■ Action item:
Send each entry back exactly as given, pictures excluded.

■ Given data:
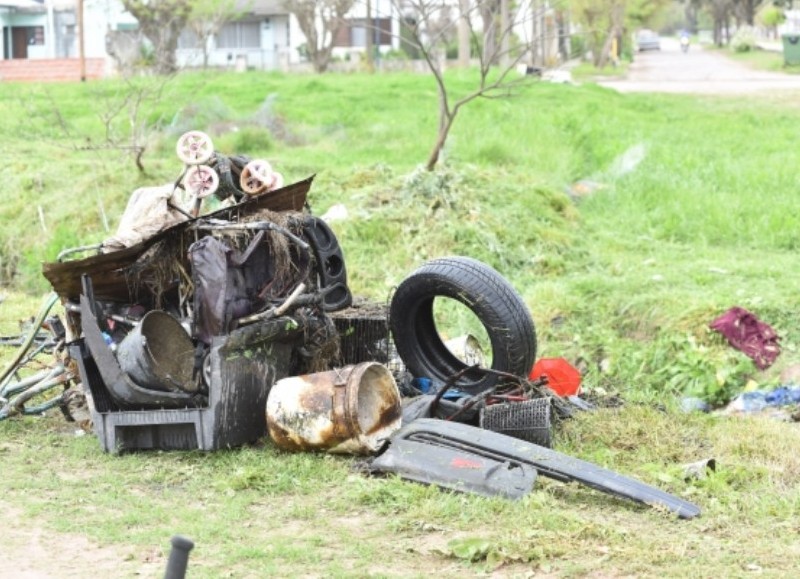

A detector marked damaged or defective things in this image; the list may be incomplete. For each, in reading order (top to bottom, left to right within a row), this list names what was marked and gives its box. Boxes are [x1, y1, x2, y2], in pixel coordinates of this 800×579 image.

rusty metal barrel [115, 312, 196, 394]
rusted metal pot [115, 312, 197, 394]
rusty metal barrel [268, 364, 404, 456]
rusted metal pot [268, 364, 404, 456]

■ Solution for this task:
A detector marked damaged or defective things in this image; the list may be incomplete. For each, in reading order (top to bottom, left to right within a row), this list names what was marked and gives its box. Boxes are [x1, y1, x2, y2], in pixel coordinates of this 800×579 image.

rusty metal barrel [115, 312, 196, 394]
rusted metal pot [115, 312, 197, 394]
rusty metal barrel [268, 364, 404, 456]
rusted metal pot [268, 364, 404, 456]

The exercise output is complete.